Police apologise over football youth coach inquiry

Derek Hinchliffe was jailed for more than seven years at Basildon Crown Court
- Published
Essex Police has apologised for how officers handled an investigation into a former Southend United youth coach who sexually abused boys.
A victim made the force aware of 82-year-old Derek Hinchliffe's crimes in 2012, but the inquiry was dropped and not reopened for five years.
Hinchliffe was jailed on Friday and the court heard he asked teenage boys to bathe with him during the 1970s, and for one to train naked with him.
A police spokesman said the original investigation "did not meet the high standards we would now expect".
First reported by the Echo, external, he added: "We acknowledge this and apologise for it."
Hinchliffe, of Ossett, West Yorkshire, was found guilty of 11 counts of sexual and indecent assaults after a 14-day trial at Basildon Crown Court.
He was sentenced to seven years and seven months in prison.

Essex Police was criticised by the sentencing judge for its initial investigation into Hinchliffe
Passing sentence, Judge Shane Collery KC said the abuser was first reported to Essex Police in 2012.
However, he revealed officers "rather remarkably" closed the case because they failed to identify who Hinchliffe was.

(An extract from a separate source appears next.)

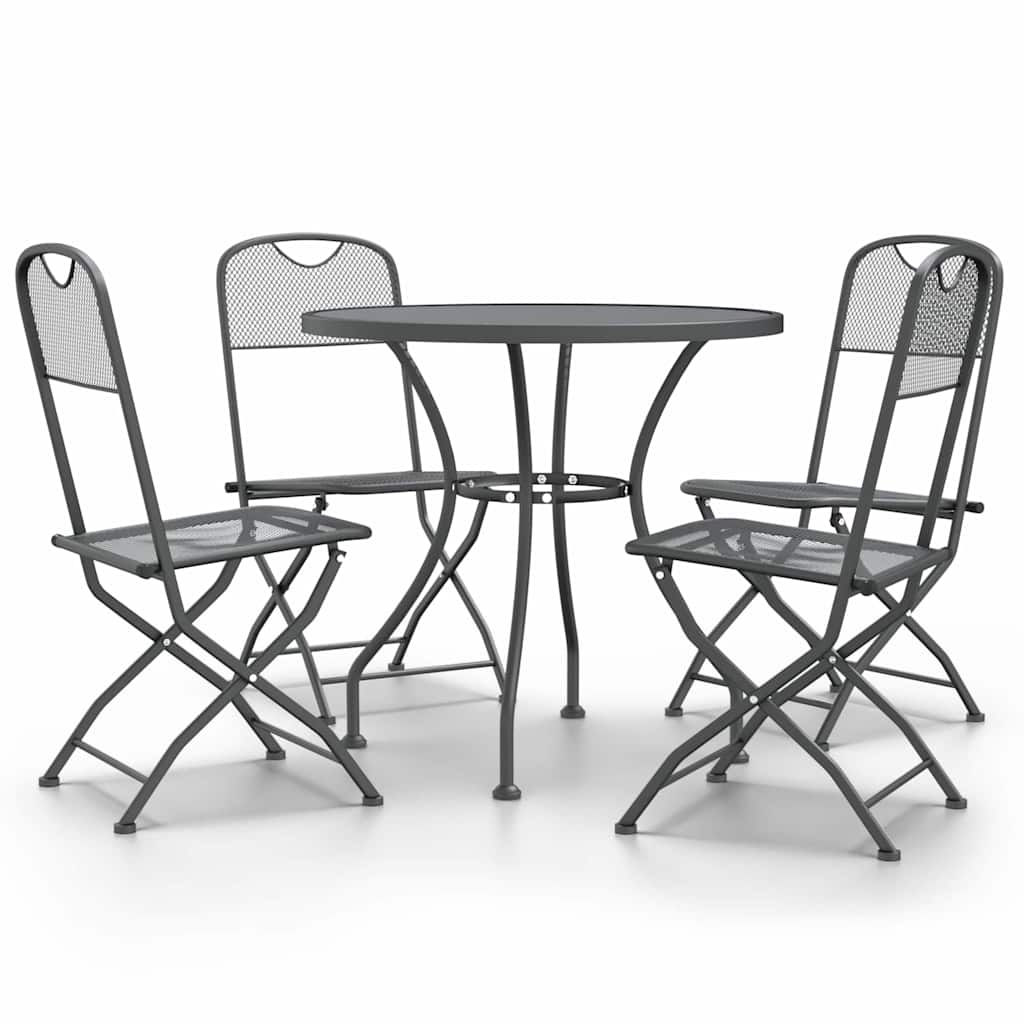 5-dijelni vrtni blagovaonski set ekspandirani metal antracit Antracitno siva Ø 80 cm table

"It was not, I have to say, the most effective of investigations," the judge said.
The investigation was reopened in 2017 when allegations made to the Football Association were passed to detectives.

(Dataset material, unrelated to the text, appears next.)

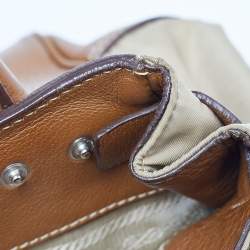 Prada Beige/Brown Leather and Nylon Logo Satchel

The police spokesman said a "meticulous investigation" then led to Hinchliffe's unanimous conviction by a jury.
Hinchliffe was described by Judge Collery as a "man to be feared" who abused his power at the club.
Prosecutor Emma Nash added that the four victims followed his sexual demands because they were "desperate to become professional footballers".
'Laziness'
In 2015, Essex Police apologised to alleged victims of abuse after it found problems with 30 investigations involving 59 children.
The reports were made to the force between April 2011 and November 2014.
Detectives Sharon Patterson and Lee Pollard were jailed in 2019 after a prosecutor said their "laziness" scuppered some of the investigations.
Patterson and Pollard, who were having an affair, told the Old Bailey there was administrative chaos within the unit at the time.
The BBC does not know if the allegation against Hinchcliffe in 2012 was one of these 30 cases.